### Recorded information
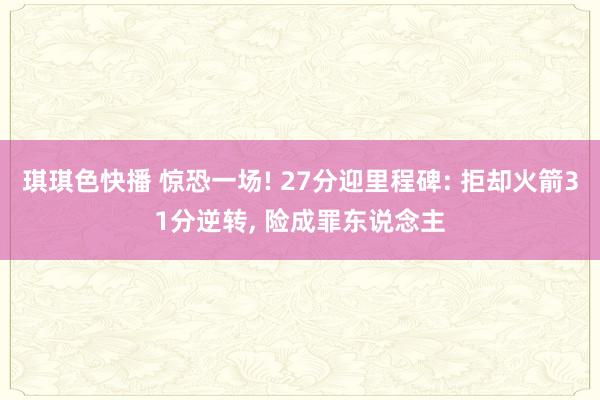 琪琪色快播 惊恐一场! 27分迎里程碑: 拒却火箭31分逆转， 险成罪东说念主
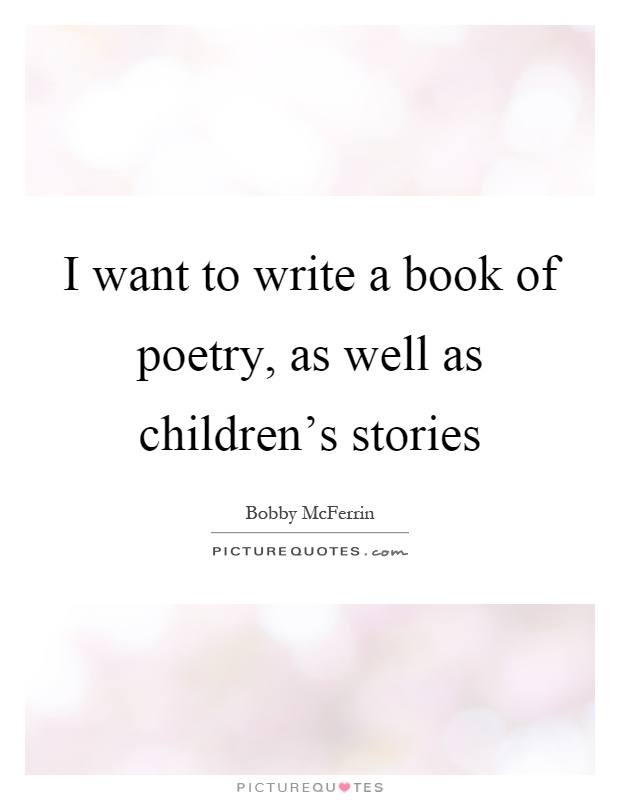 I want to write a book of poetry, as well as children's stories Picture Quote #1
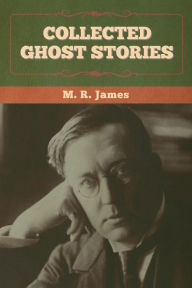 Title: Collected Ghost Stories, Author: M R James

### What is needed
Retype all the material word for word while skipping any picture it contains.

### Response to this exercise
 琪琪色快播 惊恐一场! 27分迎里程碑: 拒却火箭31分逆转， 险成罪东说念主
 I want to write a book of poetry, as well as children's stories Picture Quote #1
 Title: Collected Ghost Stories, Author: M R James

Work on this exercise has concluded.